First, an update on my daily art.  After 365 paintings in 2022, I came to the conclusion that I love to paint, but I have no ideas that I want to express in that medium.  I love the paint on the palette, the paint on the brush, the feel of the brush on the paper.  I love mixing colors and watching the accidental effects of wet-into-wet.  But throughout the year I struggled with what to paint.  I would get an idea, usually by copying from somebody else, and paint it more than once to see if it might strike a chord and stay with me.

In the past, when a student in my workshop or a blog reader would ask me whether they had my permission to use a technique I have used or taught, I would say of course you may (nobody owns an idea).  And if you like the technique, make it three times and by then it will change enough that it will belong to you, not to me.  I tried to apply this rule of thumb to my painting.

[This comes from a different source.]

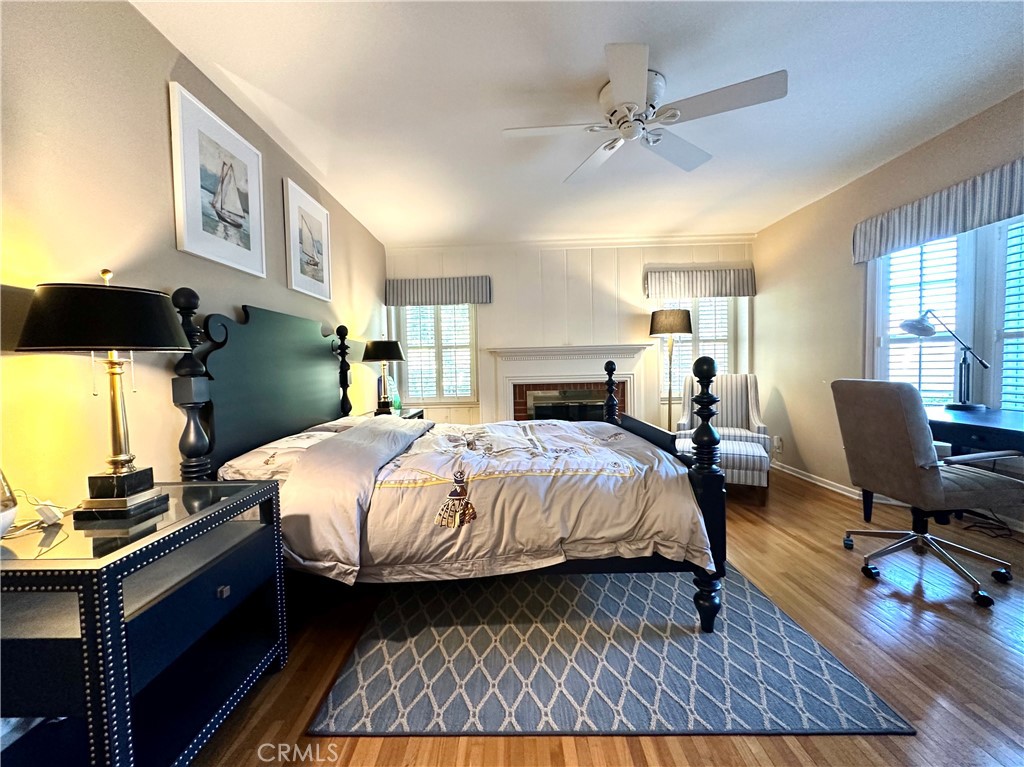 2210 El Molino Place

I've posted about the faces I painted based on black-and-white photos in the paper.  I did that 52 times, and maybe10 of them were pretty good.  But they were getting repetitive, and I didn't think that they in any way belonged to me.  

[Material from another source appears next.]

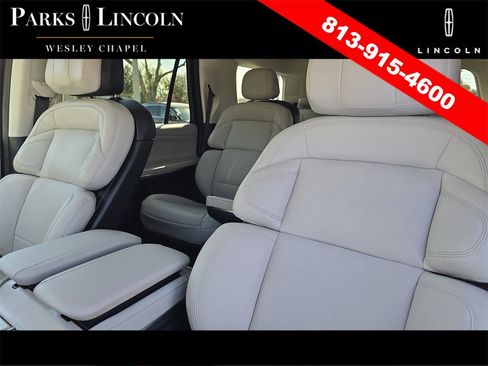 Certified 2025 Lincoln Navigator Reserve image 21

I thought maybe if I put some stitching into the paintings it would resonate, since stitching is so integral to the rest of my artistic life.  I made several with hand stitching, and a few with machine stitching, and again, I liked them, but there was no surge of desire to keep on making them and after ten tries I stopped trying.




I had a nice long run at the end of the year with 15 paintings following the tutorials of Vanidas Mangathil on Instagram (he's also on YouTube).  I loved painting the little people and I highly recommend his instruction if you're into painting little people.  But after two weeks I didn't see any signs of them moving into my art space.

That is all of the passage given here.